→ WORK ORDER
Where the records below show a line containing "Voedselveilige hoog-elastische siliconen", start copying; end with the line containing "подвеска-акцент", and copy it too.

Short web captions

========================================================================

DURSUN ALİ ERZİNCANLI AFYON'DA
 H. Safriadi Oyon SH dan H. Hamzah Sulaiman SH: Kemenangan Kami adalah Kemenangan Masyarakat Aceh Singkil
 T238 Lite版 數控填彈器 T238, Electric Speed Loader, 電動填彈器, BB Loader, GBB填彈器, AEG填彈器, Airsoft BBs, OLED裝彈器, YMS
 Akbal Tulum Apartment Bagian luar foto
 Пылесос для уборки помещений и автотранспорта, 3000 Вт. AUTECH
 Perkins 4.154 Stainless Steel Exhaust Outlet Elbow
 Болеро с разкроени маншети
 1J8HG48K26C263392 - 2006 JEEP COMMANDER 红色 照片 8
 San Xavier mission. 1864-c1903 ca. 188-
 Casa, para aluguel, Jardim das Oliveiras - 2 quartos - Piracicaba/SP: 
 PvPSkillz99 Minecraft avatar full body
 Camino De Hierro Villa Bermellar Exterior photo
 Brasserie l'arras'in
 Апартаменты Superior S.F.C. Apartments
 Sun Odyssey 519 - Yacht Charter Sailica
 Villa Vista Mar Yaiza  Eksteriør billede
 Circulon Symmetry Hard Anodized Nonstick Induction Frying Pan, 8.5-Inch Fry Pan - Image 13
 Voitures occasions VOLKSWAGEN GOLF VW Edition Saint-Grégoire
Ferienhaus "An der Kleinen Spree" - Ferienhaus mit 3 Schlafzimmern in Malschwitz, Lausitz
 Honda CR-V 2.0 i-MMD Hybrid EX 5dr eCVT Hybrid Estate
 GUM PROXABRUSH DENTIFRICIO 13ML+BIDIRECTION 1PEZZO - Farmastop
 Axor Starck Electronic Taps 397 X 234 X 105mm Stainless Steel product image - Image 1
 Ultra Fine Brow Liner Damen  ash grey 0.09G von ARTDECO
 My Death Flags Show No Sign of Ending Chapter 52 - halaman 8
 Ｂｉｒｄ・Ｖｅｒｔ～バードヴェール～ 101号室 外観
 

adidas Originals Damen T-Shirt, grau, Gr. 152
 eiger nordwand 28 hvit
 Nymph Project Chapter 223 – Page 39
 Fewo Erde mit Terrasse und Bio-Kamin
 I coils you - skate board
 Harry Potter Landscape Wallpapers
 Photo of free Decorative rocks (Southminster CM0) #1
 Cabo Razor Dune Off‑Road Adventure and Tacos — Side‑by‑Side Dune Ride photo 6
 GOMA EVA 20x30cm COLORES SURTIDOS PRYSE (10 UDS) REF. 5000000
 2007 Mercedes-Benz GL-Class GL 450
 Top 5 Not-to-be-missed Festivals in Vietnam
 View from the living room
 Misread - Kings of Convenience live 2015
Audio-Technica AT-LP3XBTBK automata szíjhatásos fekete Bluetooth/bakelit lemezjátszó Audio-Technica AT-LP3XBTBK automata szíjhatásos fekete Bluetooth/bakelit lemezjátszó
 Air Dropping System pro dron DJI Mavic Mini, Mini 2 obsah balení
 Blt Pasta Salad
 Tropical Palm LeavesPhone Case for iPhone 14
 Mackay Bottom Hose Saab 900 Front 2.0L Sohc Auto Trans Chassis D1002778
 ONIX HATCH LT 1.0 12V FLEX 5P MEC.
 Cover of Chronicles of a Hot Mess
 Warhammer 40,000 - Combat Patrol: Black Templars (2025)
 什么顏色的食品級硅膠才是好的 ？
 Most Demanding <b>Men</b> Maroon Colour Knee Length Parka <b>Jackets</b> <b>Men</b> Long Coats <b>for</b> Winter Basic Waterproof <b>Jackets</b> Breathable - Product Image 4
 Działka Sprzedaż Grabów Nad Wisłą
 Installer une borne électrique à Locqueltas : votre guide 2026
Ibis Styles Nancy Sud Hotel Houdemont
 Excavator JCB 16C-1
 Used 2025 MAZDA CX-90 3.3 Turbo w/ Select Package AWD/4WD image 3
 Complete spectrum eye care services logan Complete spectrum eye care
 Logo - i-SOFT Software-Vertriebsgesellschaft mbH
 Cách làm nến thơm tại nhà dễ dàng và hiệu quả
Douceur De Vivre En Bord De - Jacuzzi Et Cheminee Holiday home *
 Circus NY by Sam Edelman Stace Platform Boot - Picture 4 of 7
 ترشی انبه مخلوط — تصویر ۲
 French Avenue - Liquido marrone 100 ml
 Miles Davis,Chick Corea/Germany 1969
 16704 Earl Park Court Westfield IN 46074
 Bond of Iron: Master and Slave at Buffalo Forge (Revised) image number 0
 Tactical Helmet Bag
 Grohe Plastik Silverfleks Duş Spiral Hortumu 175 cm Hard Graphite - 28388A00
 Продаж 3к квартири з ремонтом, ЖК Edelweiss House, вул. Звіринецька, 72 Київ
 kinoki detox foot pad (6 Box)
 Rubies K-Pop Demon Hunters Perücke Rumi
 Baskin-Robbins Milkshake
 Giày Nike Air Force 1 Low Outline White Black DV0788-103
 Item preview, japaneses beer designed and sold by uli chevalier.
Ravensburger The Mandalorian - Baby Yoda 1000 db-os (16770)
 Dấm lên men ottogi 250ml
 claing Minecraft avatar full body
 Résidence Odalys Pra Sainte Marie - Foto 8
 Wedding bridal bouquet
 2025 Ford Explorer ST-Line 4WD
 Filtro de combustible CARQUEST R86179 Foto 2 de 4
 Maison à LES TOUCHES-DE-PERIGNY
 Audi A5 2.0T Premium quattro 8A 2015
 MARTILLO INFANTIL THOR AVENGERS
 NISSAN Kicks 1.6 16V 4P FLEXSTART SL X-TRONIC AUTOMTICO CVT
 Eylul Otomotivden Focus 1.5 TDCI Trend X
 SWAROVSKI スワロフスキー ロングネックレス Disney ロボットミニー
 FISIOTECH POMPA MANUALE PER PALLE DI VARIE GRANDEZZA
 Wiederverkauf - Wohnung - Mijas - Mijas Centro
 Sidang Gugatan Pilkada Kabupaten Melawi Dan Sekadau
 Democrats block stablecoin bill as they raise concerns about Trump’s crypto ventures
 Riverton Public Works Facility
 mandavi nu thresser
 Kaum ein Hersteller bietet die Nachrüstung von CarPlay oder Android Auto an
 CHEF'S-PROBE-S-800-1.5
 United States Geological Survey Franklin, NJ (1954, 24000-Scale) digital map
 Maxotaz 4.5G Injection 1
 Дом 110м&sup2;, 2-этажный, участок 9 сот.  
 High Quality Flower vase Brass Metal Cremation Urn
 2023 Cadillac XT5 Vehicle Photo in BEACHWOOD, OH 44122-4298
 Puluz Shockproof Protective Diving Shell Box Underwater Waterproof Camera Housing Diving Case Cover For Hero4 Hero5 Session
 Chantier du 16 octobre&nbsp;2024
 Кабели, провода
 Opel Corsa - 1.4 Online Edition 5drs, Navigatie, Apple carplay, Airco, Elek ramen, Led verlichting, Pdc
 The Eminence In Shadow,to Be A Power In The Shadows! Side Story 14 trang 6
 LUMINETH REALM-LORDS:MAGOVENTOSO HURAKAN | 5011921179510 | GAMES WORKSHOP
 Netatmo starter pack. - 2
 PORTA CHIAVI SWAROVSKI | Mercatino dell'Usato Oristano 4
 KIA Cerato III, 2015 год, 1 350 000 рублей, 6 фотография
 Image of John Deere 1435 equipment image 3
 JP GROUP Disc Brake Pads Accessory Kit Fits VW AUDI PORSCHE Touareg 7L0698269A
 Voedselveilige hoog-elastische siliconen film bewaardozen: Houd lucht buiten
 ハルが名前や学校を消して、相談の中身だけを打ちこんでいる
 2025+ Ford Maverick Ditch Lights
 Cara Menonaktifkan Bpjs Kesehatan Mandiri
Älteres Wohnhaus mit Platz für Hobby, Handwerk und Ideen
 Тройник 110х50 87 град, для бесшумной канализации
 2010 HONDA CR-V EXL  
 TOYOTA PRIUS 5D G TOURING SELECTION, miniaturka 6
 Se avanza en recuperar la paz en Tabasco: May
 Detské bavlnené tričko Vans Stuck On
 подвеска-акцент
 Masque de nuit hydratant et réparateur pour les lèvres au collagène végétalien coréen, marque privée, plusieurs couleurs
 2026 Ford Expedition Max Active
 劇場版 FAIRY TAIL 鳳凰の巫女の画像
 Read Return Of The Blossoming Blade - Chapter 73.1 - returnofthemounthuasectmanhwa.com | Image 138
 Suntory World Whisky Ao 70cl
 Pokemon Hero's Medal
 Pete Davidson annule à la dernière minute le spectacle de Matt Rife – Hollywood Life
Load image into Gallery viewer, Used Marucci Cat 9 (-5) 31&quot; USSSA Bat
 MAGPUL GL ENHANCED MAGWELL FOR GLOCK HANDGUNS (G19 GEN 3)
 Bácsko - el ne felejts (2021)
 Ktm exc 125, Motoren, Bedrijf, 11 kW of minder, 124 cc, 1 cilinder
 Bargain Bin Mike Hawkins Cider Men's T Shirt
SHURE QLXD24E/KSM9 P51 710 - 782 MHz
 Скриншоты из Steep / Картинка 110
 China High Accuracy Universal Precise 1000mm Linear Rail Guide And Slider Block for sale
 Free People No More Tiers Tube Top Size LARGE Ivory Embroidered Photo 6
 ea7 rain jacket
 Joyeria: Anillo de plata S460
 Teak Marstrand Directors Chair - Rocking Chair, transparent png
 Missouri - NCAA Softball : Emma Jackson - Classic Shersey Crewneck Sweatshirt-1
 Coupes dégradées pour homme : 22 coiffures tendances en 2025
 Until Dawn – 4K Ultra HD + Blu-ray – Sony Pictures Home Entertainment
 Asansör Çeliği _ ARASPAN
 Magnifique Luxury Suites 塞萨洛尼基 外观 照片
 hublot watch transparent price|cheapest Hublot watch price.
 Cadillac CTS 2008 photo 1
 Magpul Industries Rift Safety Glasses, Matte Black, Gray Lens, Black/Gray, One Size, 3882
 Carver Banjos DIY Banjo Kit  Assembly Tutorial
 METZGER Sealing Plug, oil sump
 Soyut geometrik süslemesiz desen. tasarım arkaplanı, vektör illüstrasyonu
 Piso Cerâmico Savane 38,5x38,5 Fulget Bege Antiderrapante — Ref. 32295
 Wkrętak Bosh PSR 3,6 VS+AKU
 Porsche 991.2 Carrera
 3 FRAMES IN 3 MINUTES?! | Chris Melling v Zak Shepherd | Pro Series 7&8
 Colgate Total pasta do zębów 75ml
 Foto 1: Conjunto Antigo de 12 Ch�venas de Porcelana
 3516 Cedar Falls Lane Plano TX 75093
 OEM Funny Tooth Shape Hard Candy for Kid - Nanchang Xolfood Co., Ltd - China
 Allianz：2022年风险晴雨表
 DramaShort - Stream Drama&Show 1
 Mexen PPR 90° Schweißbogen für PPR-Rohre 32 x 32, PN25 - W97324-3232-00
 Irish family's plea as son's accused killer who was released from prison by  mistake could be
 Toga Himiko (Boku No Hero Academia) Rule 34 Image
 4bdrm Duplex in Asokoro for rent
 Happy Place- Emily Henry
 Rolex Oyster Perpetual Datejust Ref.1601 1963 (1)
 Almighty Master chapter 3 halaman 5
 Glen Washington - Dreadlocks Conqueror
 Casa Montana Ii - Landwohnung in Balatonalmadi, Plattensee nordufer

========================================================================

→ RESPONSE AREA
 Voedselveilige hoog-elastische siliconen film bewaardozen: Houd lucht buiten
 ハルが名前や学校を消して、相談の中身だけを打ちこんでいる
 2025+ Ford Maverick Ditch Lights
 Cara Menonaktifkan Bpjs Kesehatan Mandiri
Älteres Wohnhaus mit Platz für Hobby, Handwerk und Ideen
 Тройник 110х50 87 град, для бесшумной канализации
 2010 HONDA CR-V EXL  
 TOYOTA PRIUS 5D G TOURING SELECTION, miniaturka 6
 Se avanza en recuperar la paz en Tabasco: May
 Detské bavlnené tričko Vans Stuck On
 подвеска-акцент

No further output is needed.